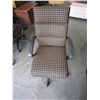 Image 2 : GAS LIFT OFFICE CHAIR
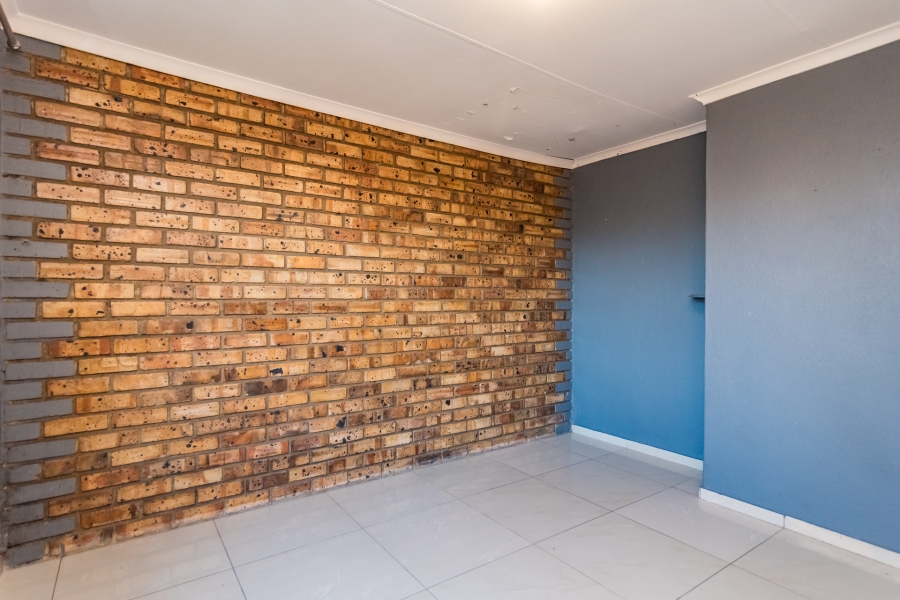 2 Bedroom Property for Sale in Boltonia Gauteng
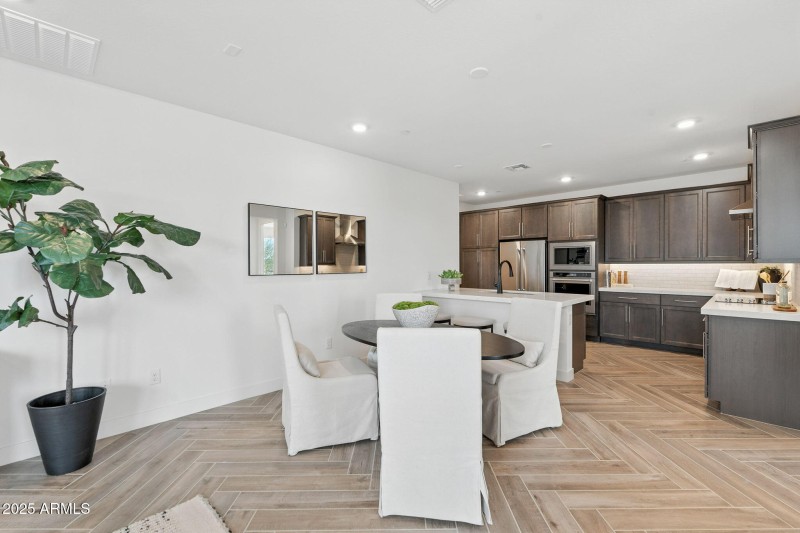 Casual Dining Area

* Directions: Print the material in full and exactly, minus the pictures.

* Problem solution:
 Image 2 : GAS LIFT OFFICE CHAIR
 2 Bedroom Property for Sale in Boltonia Gauteng
 Casual Dining Area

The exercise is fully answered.